As of the end of 2020, Nigeria ranked in the top 10 countries with the largest numbers of people living abroad, according to United Nations Data.

“We see very desperate people either fleeing conflict or fleeing the degradation of living conditions due to climate change or due to other social factors,” said Oscar Sánchez Piñeiro, the deputy head of the U.N. High Commissioner for Human Rights office in Brazil.

Brazil is a major destination for migrants from other parts of Latin America. Since 2018, it has granted permanent asylum to nearly 100,000 refugees, Mr. Piñeiro said, more than any other country in the region.

Migrant rights are enshrined in Brazil’s constitution: They are entitled to equal treatment and access to government services such as health care, education and social security programs, even if they arrive without documentation. People from South America are automatically eligible to apply for Brazilian residency.

The country has also become a haven from migrants much farther away. Since the United States withdrew from Afghanistan two years ago, Brazil has issued about 9,000 humanitarian visas to Afghans. It has also taken in smaller numbers of migrants from Syria, Angola and Congo.

But despite the country’s welcoming attitude toward migrants, there are still significant challenges, especially for those like Mr. Friday and Mr. Yeye who arrive from African nations.

In 2020, African immigrants earned an average of about $500 a month, while European immigrants earned roughly $3,400 a month, according to the most recent data available from Brazil’s International Migration Observatory, a government research agency. The situation is even worse for refugees and asylum seekers, who tend to earn among the lowest incomes and work in service sector jobs.

The disparity is grounded in several factors, according to the observatory and experts. Many Europeans tend to arrive in Brazil having already lined up work, while Africans, often fleeing grim economic situations, come with no job prospects. Black migrants have also been victims of the racism and xenophobia that courses through parts of Brazilian society.

Still, Mr. Yeye and Mr. Friday, after managing to survive an ocean crossing on a ship’s rudder, find themselves grateful at having arrived in their unplanned destination.

They recently received work permits and have started applying for jobs.

“I’m really hoping to get a job interview,’’ Mr. Yeye said. “I think that’s the next thing for me now. I really need a job now to just take care of myself, my family.”

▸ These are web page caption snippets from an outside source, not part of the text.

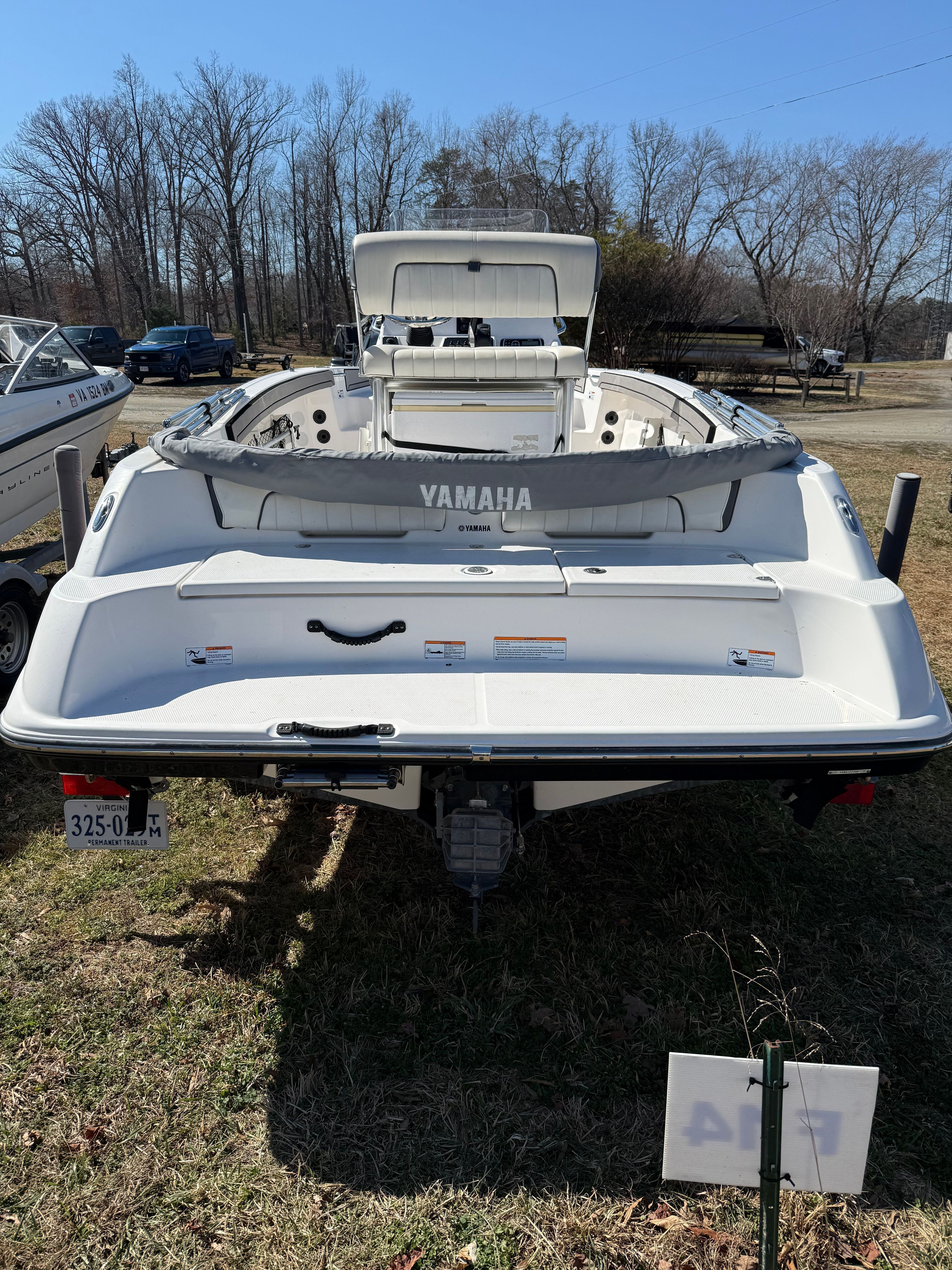 2018 Yamaha Boats 190 FSH Deluxe - 5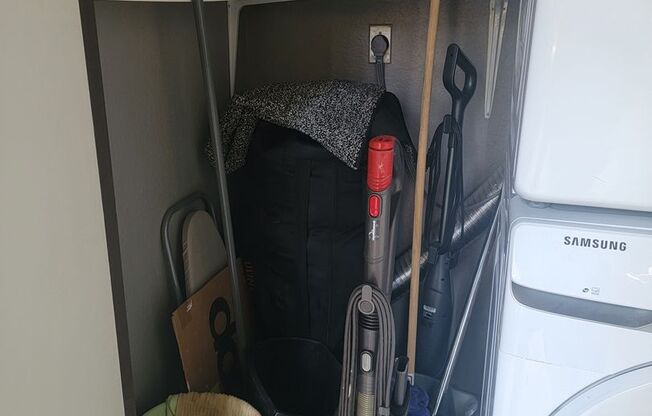 1 bed, 1 bath, $2,400, Unit # 349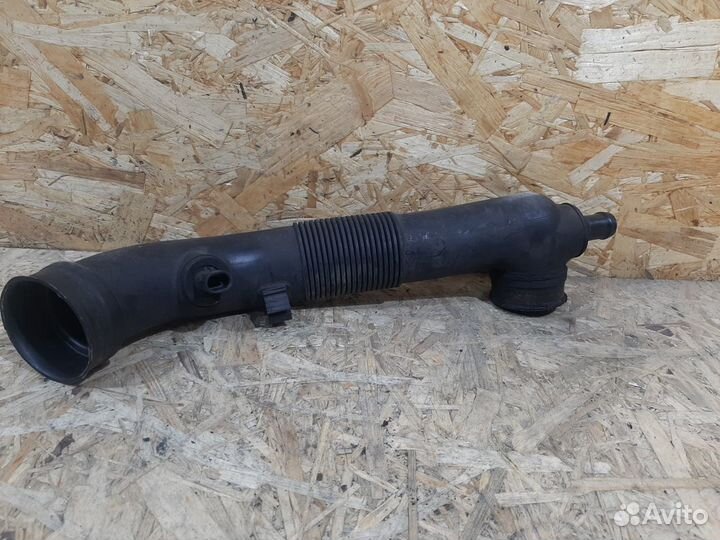 Патрубок дроссельной заслонки Opel Corsa D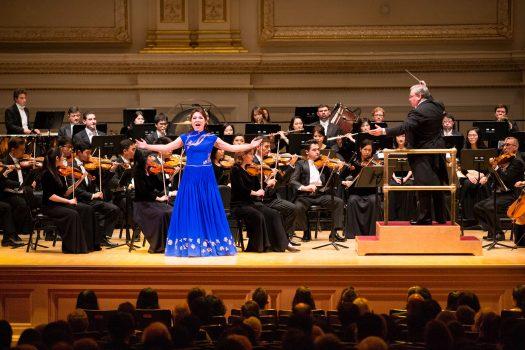 Soprano Haolan Geng performs with Shen Yun Symphony Orchestra at Carnegie Hall in New York on Oct. 14, 2017. (Dai Bing)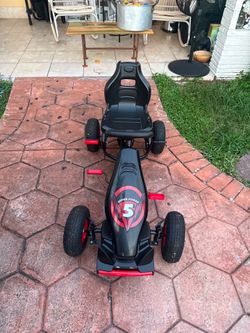 un go-kart de pedales infantil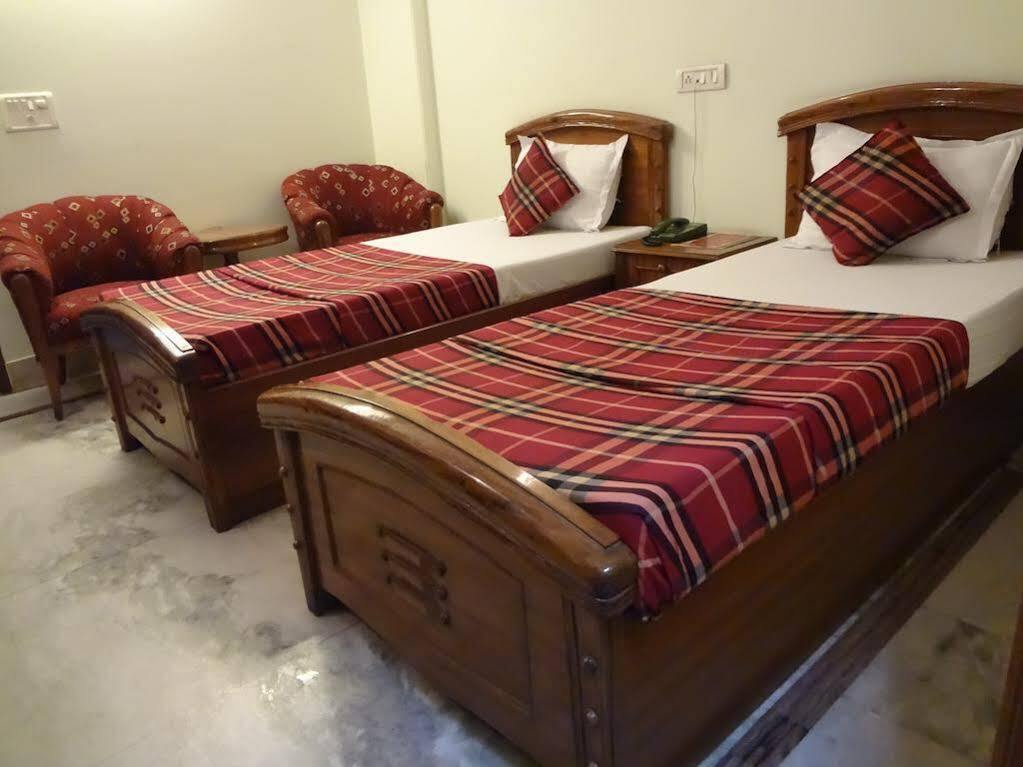 Hotel Pablas International, New Delhi, Near Metro Luaran gambar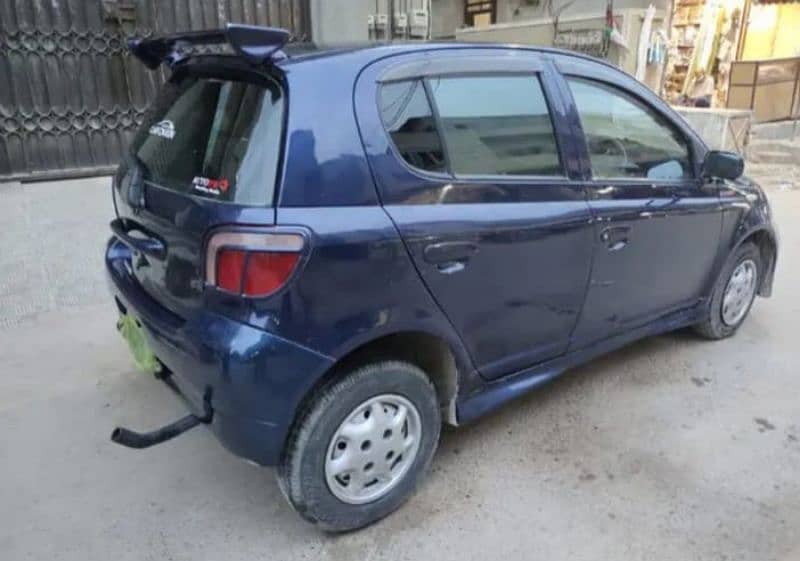 Toyota Vitz 2001 2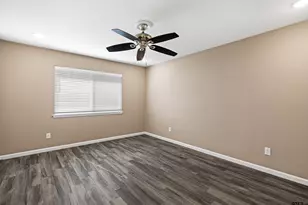 311 S Hillshore Dr, Longview, TX 75605 - Photo 18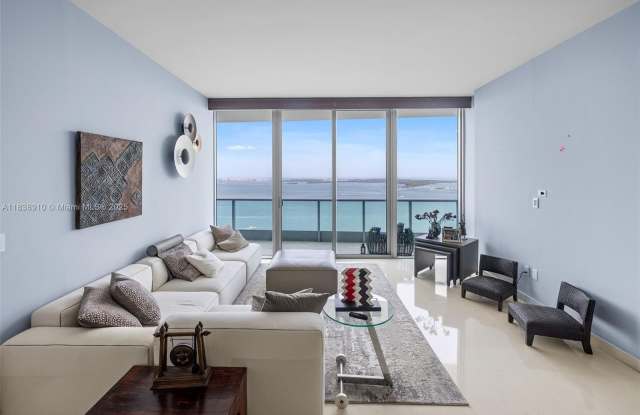 1331 Brickell Bay Dr photos photos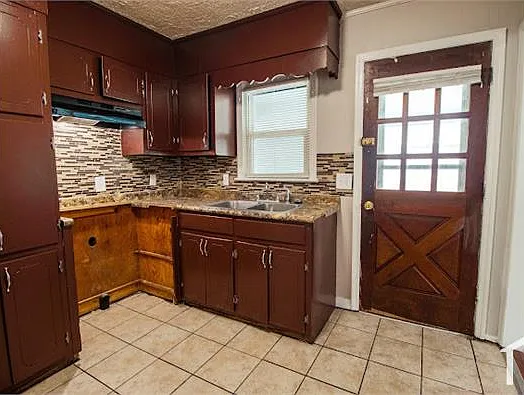 3 bed, 1038 sqft, $1,000 — Photo 3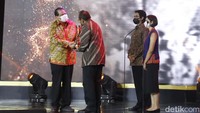 Anugerah itu diserahkan oleh Chairman CT Corp Chairul Tanjung dan diterima oleh anak Jenderal Hoegeng, Aditya Soetanto Hoegeng; dan cucu Jenderal Hoegeng, Krisnadi Ramajaya Hoegeng.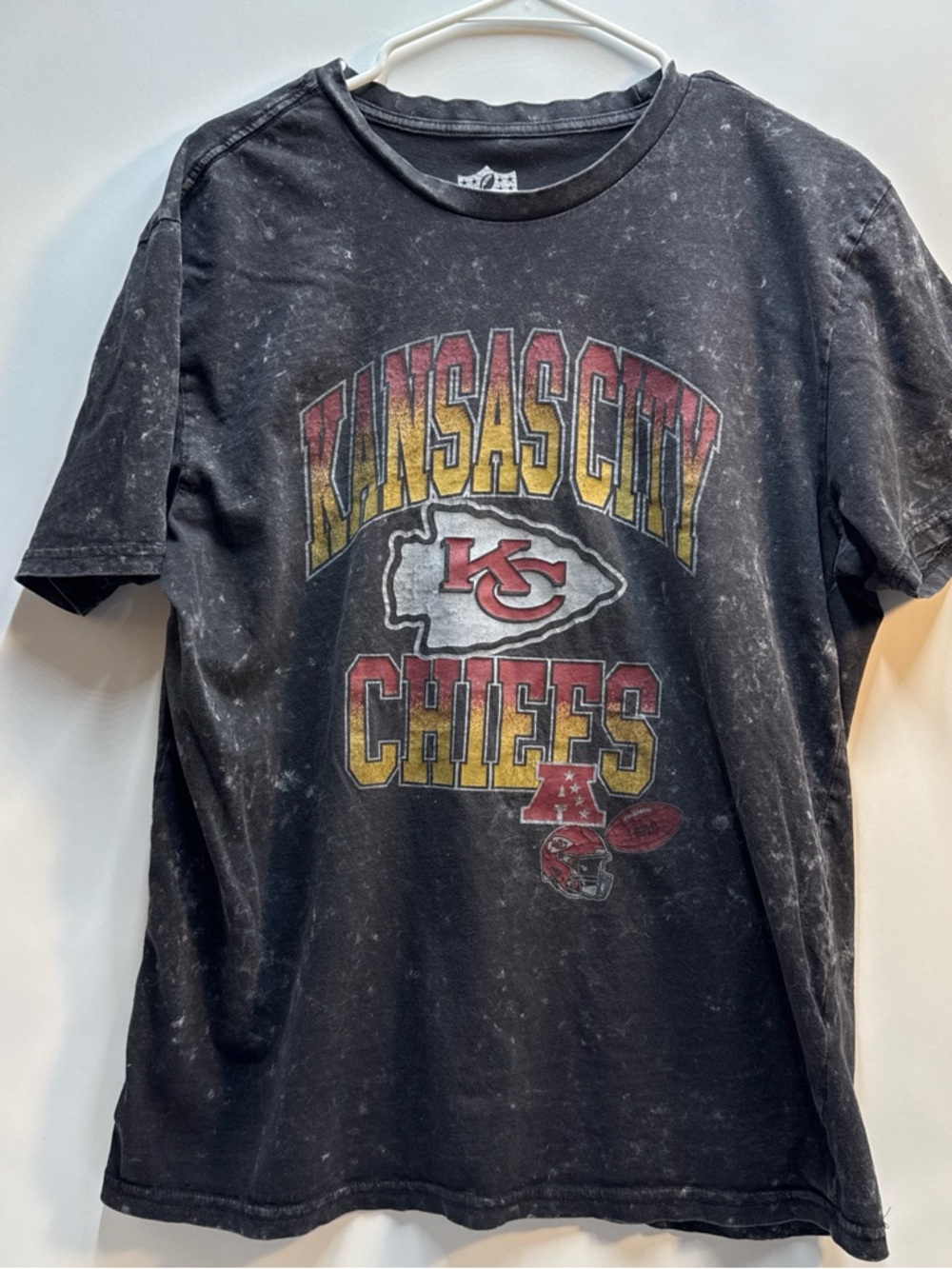 NFL Kansas City Chiefs Women’s Tie-Dye Graphic T-Shirt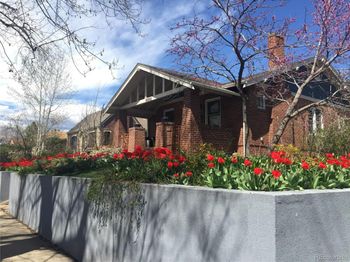 4401 W Hayward Place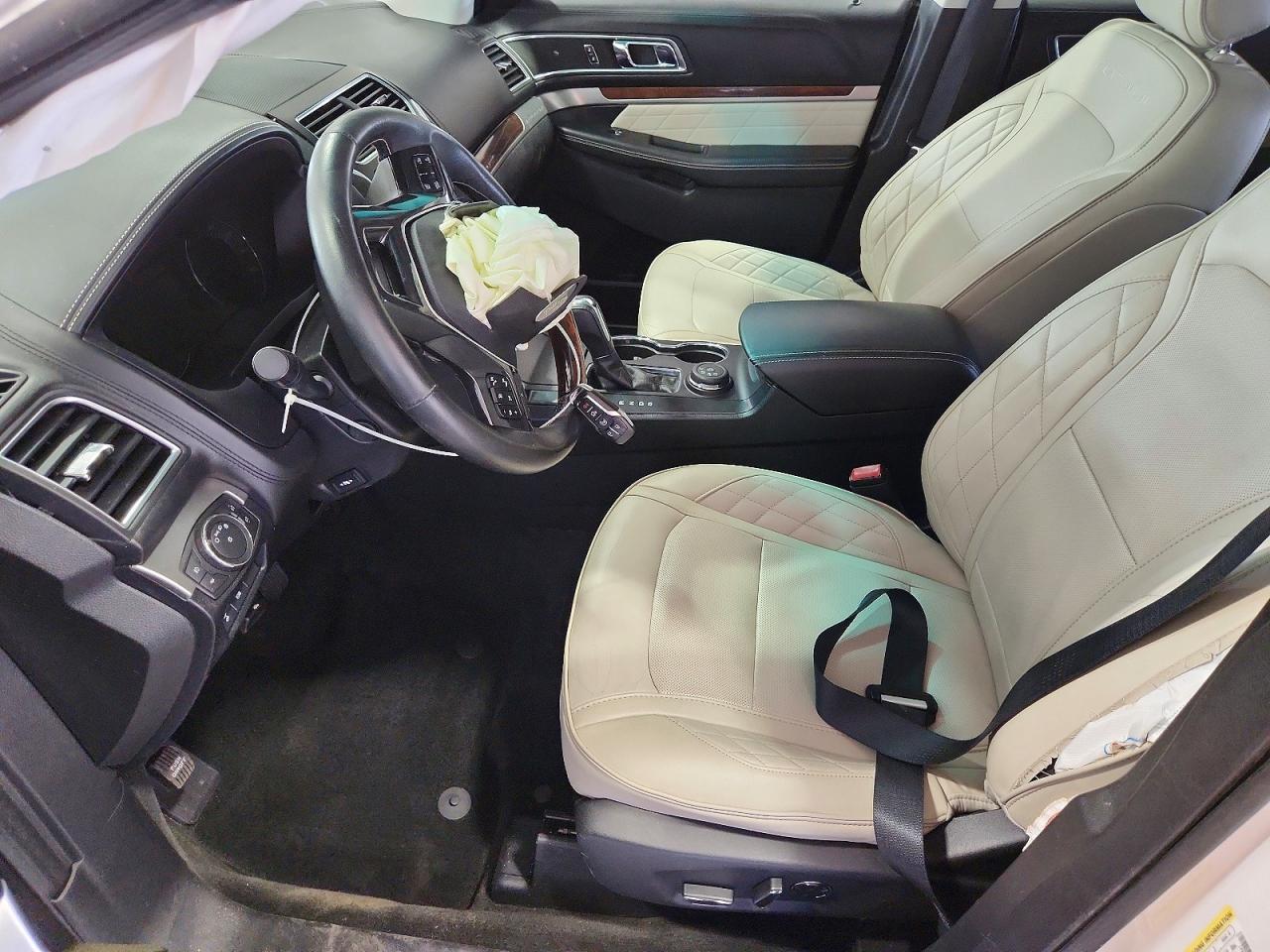 2016 Ford Explorer - Image 7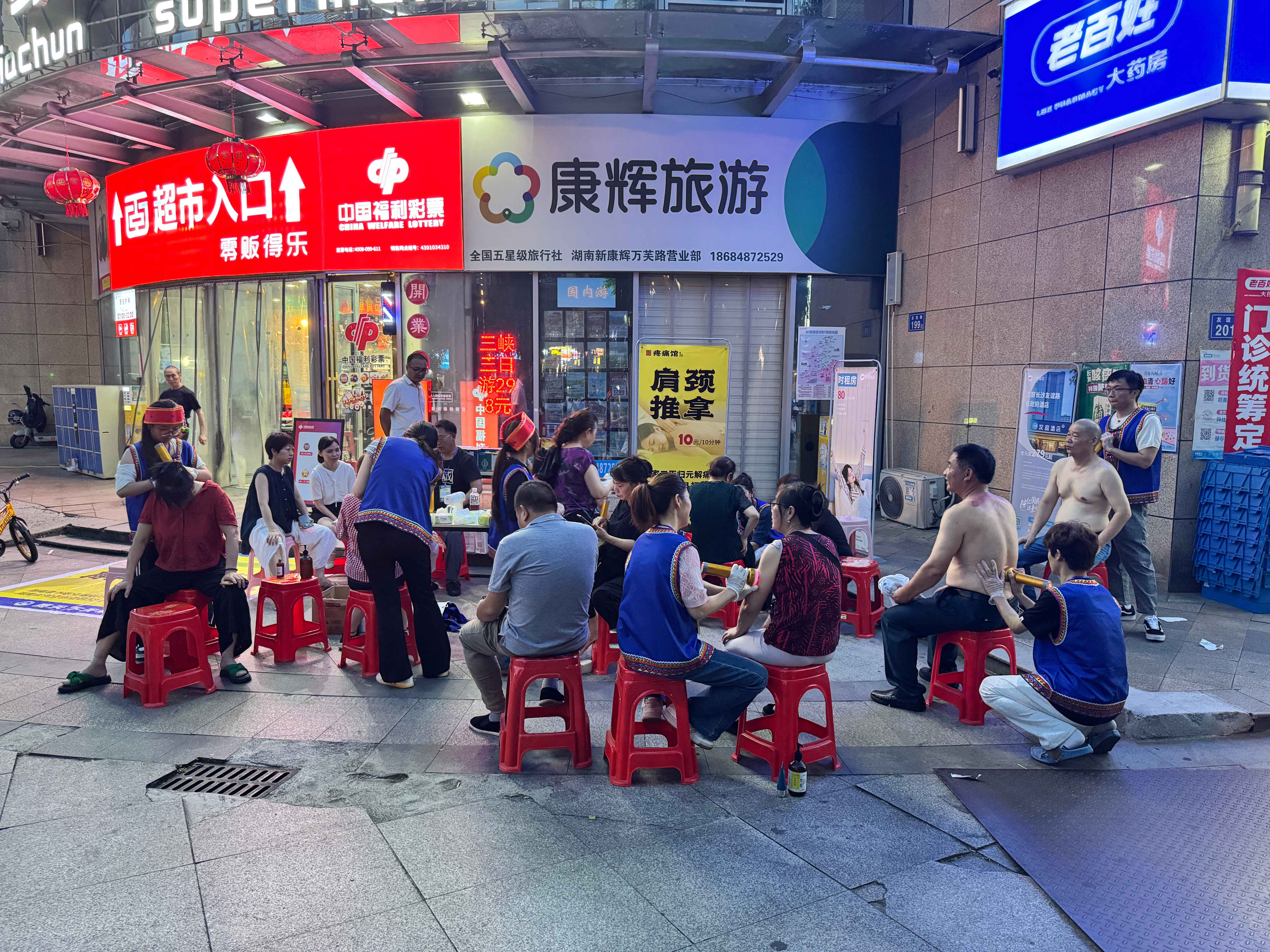 我把理疗馆搬上街头，没想到被一群“路转粉”的邻居围住了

He said he hopes to earn enough to bring his family to Brazil.

Both men have been taken in at Casa do Migrante, a migrant shelter in São Paulo where they are recovering from their trip. They have gotten help navigating immigration paperwork, signing up for Portuguese lessons and learning about Brazilian customs and culture.

“I was not even expecting that I was coming to Brazil, but I found myself in Brazil, and it is a better place,’’ Mr. Friday said. “I’m very, very happy.”

Neither knew much about the country apart from its famous soccer team, they said. Now, they are planning to make it their home.

“So far,’’ Mr. Yeye said, “I find that Brazilians are friendly, very loving people.’’

Dionne Searcey contributed reporting from Dakar, Senegal.